Hello, it's this guy! I'm working on assigning a project for a fellow student in my school and I need help with it just a bit. The project is going to be calculating the "Kp" index of a system of 9 magnetometers from the THEMIS mission and comparing the index values to the Kp index that comes out of Boulder, Colorado. And this is where I'm stuck. I've found many different ways to calculate K-index such as using the total B-field and subtracting the minimum value from the maximum value in a 3-hour period, averaging the Bx and By field and doing the same from there, and then just using the Bx field and doing the same. But I don't know which of those methods Boulder uses because all they say on their summary is "horizontal components" and I've found other reports from students and other organizations using the aforementioned methods. So, help?

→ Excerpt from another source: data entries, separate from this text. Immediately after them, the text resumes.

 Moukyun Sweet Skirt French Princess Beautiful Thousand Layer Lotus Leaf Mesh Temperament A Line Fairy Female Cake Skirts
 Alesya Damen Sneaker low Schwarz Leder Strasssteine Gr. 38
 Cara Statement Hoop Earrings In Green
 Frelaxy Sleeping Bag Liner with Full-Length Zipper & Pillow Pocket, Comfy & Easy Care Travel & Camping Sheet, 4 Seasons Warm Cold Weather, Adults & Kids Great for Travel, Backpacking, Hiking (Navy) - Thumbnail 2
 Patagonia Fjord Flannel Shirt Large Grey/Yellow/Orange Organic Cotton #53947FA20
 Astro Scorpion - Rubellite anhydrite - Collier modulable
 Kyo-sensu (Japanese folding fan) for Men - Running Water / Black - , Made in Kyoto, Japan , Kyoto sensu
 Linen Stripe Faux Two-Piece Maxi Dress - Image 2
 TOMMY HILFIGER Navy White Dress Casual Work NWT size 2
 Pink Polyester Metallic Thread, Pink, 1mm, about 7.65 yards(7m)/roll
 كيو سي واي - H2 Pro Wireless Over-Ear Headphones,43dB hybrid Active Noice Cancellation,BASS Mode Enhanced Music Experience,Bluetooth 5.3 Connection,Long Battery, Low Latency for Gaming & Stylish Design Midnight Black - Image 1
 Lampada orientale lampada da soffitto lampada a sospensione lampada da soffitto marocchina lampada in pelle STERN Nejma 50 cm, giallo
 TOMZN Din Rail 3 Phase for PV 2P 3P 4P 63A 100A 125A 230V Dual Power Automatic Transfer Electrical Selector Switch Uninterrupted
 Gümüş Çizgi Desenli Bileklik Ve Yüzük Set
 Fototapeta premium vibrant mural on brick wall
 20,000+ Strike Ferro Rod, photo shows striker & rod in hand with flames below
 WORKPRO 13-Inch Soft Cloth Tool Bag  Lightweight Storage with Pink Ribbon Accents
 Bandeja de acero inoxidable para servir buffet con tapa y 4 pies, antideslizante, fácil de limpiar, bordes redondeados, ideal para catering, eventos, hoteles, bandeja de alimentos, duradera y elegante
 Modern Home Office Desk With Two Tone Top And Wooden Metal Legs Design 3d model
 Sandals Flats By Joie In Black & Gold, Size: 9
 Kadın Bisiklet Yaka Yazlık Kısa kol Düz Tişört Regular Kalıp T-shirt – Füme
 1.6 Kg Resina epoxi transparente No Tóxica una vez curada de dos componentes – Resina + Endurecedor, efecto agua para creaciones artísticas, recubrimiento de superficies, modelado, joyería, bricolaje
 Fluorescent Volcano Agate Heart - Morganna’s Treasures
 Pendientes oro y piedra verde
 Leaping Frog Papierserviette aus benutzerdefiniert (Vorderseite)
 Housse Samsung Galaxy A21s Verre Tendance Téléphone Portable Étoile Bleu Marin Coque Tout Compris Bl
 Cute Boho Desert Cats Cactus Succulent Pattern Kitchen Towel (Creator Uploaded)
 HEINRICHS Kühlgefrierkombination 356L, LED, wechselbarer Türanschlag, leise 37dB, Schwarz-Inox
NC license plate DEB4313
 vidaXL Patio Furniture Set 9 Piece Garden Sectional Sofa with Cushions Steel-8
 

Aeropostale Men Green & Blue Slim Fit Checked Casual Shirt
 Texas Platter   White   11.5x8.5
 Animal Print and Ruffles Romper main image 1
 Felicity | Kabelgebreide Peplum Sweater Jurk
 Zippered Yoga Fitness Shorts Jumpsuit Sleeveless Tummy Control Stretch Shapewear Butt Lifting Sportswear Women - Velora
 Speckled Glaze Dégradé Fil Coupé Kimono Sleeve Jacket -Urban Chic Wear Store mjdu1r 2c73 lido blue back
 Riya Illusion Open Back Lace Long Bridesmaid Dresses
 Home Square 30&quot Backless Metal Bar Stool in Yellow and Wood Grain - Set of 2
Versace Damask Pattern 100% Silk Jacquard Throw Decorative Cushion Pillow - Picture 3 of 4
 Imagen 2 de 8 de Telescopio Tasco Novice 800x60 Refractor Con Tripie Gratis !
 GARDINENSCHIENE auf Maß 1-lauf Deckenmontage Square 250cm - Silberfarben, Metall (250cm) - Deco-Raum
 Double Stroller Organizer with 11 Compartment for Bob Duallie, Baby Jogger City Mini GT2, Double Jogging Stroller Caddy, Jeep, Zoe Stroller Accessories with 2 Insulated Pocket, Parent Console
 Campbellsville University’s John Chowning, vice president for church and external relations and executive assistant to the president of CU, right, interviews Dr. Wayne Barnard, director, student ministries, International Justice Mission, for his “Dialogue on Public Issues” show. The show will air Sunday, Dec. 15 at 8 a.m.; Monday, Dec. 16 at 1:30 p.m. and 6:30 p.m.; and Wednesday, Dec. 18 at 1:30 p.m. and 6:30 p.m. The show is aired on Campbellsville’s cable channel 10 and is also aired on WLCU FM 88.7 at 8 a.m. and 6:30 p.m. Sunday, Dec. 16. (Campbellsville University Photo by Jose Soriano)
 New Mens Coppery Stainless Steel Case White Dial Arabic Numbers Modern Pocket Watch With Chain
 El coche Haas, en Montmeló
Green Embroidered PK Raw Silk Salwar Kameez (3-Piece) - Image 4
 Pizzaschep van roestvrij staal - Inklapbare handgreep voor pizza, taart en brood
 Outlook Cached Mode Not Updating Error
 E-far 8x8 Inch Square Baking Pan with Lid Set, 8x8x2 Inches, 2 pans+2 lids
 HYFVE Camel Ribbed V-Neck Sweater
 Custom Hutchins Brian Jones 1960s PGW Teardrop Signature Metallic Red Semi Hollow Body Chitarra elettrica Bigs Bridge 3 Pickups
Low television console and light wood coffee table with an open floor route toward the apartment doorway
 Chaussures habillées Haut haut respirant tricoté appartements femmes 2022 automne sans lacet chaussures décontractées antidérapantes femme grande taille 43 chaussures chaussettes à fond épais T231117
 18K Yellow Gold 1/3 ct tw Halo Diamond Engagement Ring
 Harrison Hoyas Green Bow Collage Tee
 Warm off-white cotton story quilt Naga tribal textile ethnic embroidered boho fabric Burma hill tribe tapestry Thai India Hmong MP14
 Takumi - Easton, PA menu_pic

The relationship between K, Kp, and estimated Kp The official planetary Kp index is derived by calculating a weighted average of K-indices from a network of geomagnetic observatories. Since these observatories do not report their data in real-time, it is necessary for an operations center such as ourselves to make the best estimate we can of this index based on available data. Space weather operations uses near real-time estimates of the Kp index which are derived by the U.S. Air Force 55th Space Weather Squadron. These estimated of Kp are based on a network of observatories reporting in near real-time. Most of the observatories are in North America, although there is one European station also contributing at this time (Hartland, UK).
Well yeah, I don't mean to sound rude, but that is already known. I was more wondering of the lines of how they specifically calculate the Kp index and what mathematical steps are to create my own given 9 magnetometers which are around the nation and use that to compare to the USAF SWS Kp.